## Collected data
== Segment start ==

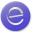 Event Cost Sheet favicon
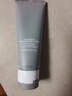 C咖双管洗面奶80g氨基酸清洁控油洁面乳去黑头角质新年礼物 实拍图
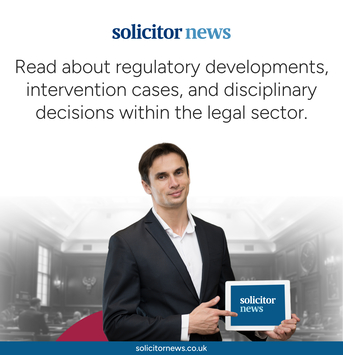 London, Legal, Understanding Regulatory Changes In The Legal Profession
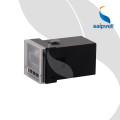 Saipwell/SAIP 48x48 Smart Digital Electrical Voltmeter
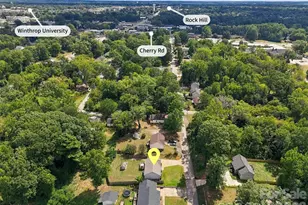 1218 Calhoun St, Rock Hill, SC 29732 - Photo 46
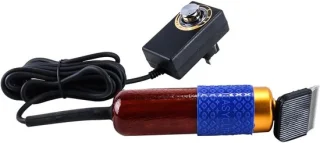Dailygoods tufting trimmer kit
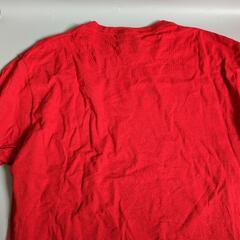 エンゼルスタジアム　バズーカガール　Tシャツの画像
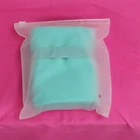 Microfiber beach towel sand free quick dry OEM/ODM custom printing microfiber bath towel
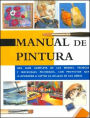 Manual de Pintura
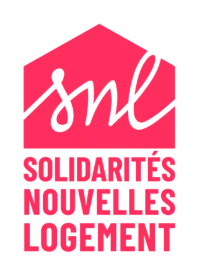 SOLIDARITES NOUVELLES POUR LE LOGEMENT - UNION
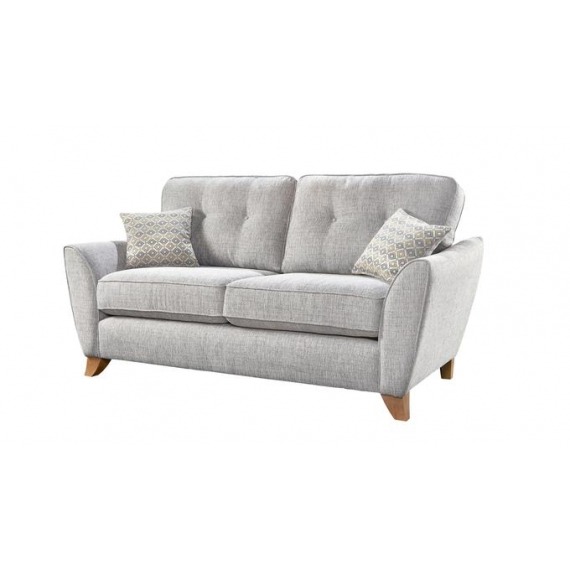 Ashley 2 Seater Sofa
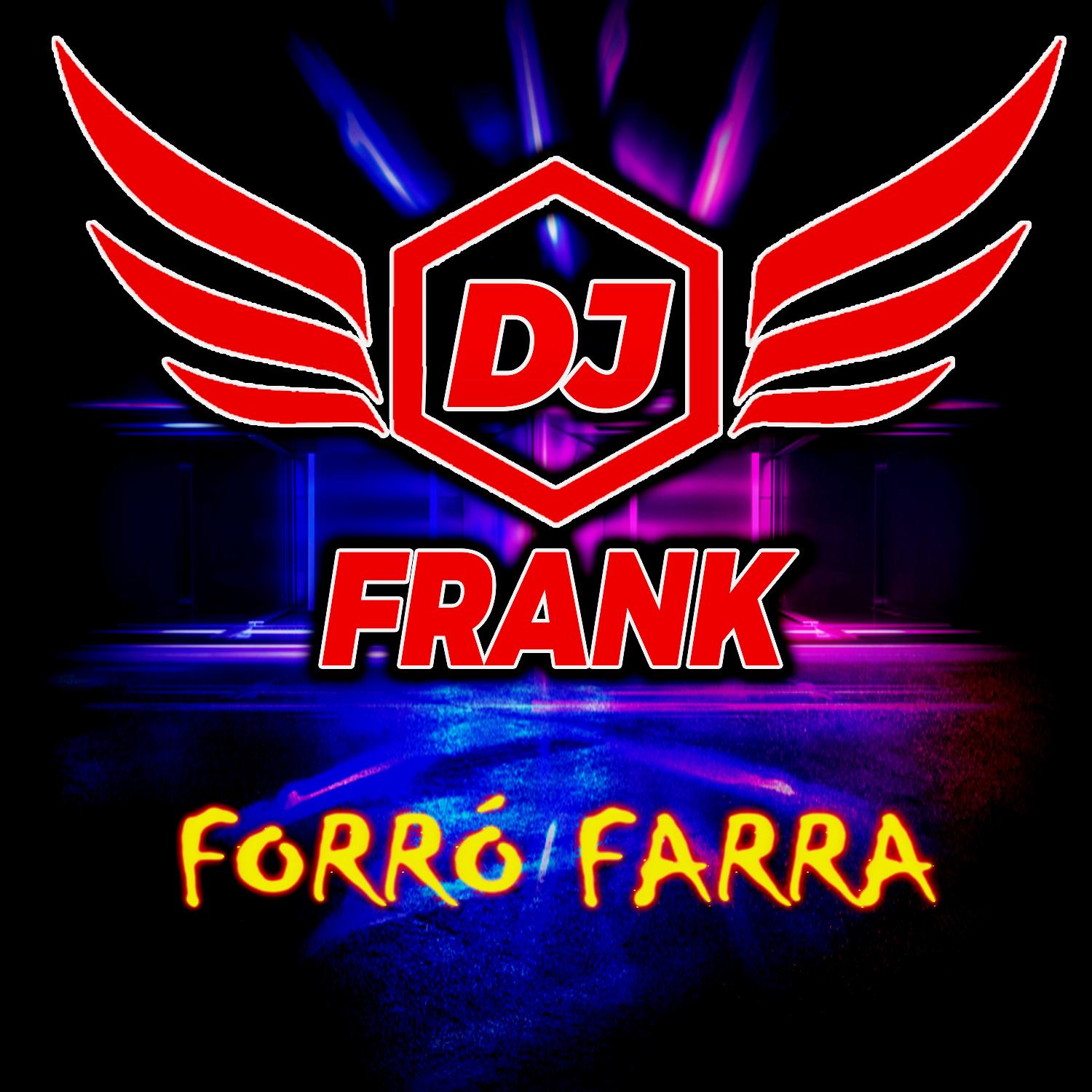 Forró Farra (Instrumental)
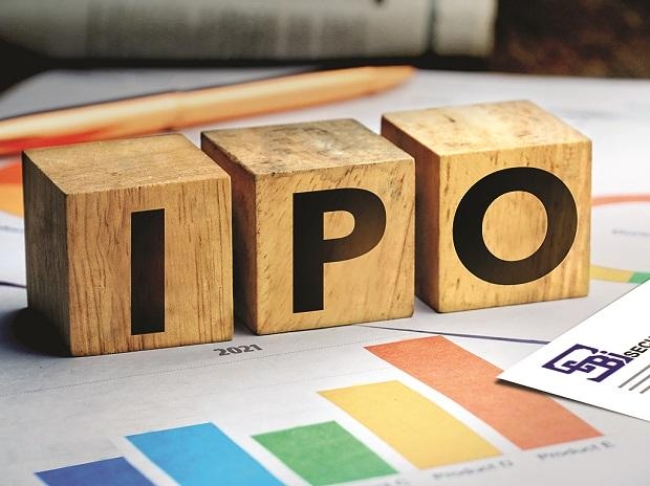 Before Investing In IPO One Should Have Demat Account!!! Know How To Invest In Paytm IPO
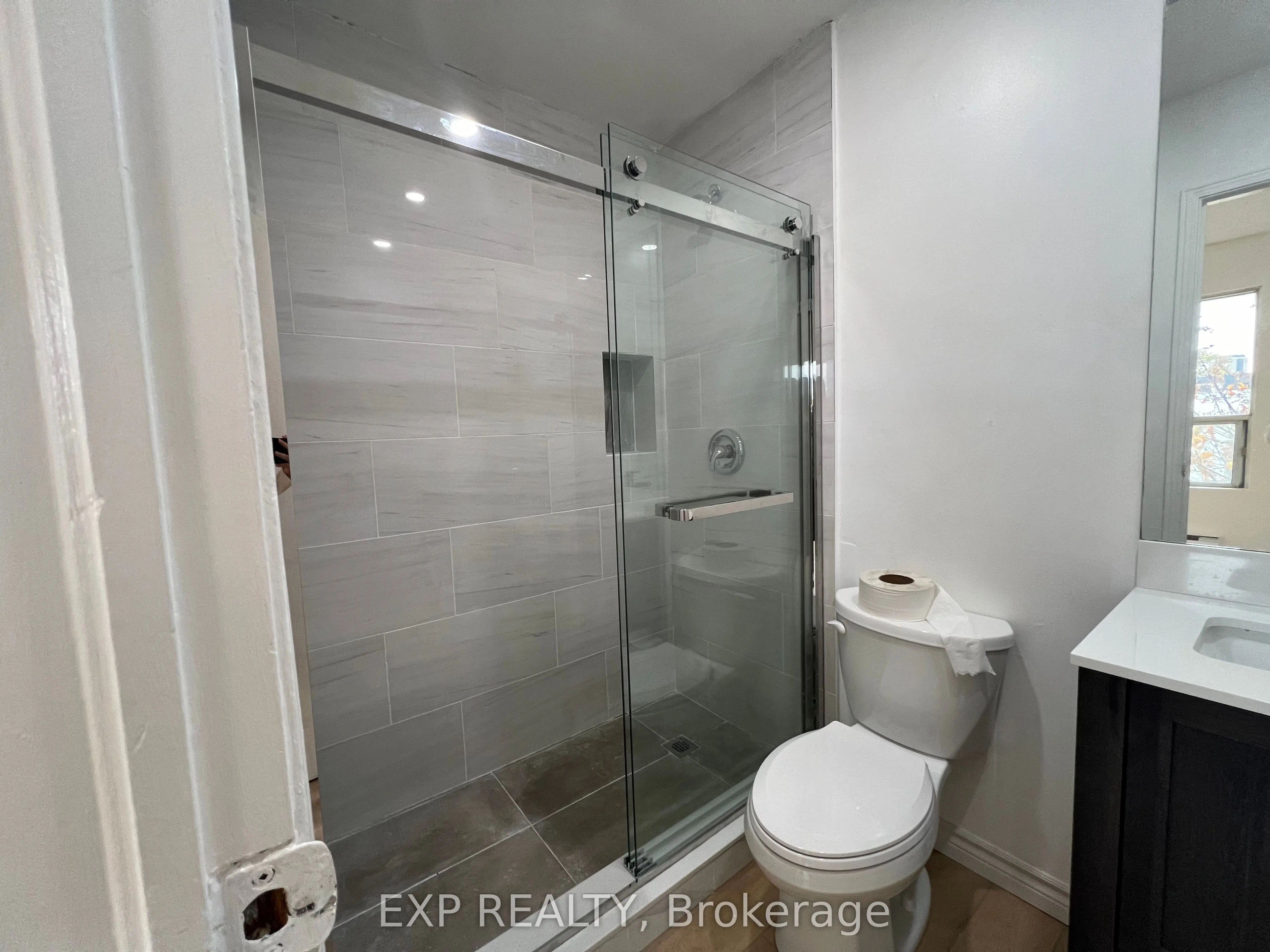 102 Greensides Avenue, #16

== Segment end ==

## Task to carry out
In your copy, please omit the pictures and print every line of the records exactly.

## Written response
 Event Cost Sheet favicon
 C咖双管洗面奶80g氨基酸清洁控油洁面乳去黑头角质新年礼物 实拍图
 London, Legal, Understanding Regulatory Changes In The Legal Profession
 Saipwell/SAIP 48x48 Smart Digital Electrical Voltmeter
 1218 Calhoun St, Rock Hill, SC 29732 - Photo 46
Dailygoods tufting trimmer kit
 エンゼルスタジアム　バズーカガール　Tシャツの画像
 Microfiber beach towel sand free quick dry OEM/ODM custom printing microfiber bath towel
 Manual de Pintura
 SOLIDARITES NOUVELLES POUR LE LOGEMENT - UNION
 Ashley 2 Seater Sofa
 Forró Farra (Instrumental)
 Before Investing In IPO One Should Have Demat Account!!! Know How To Invest In Paytm IPO
 102 Greensides Avenue, #16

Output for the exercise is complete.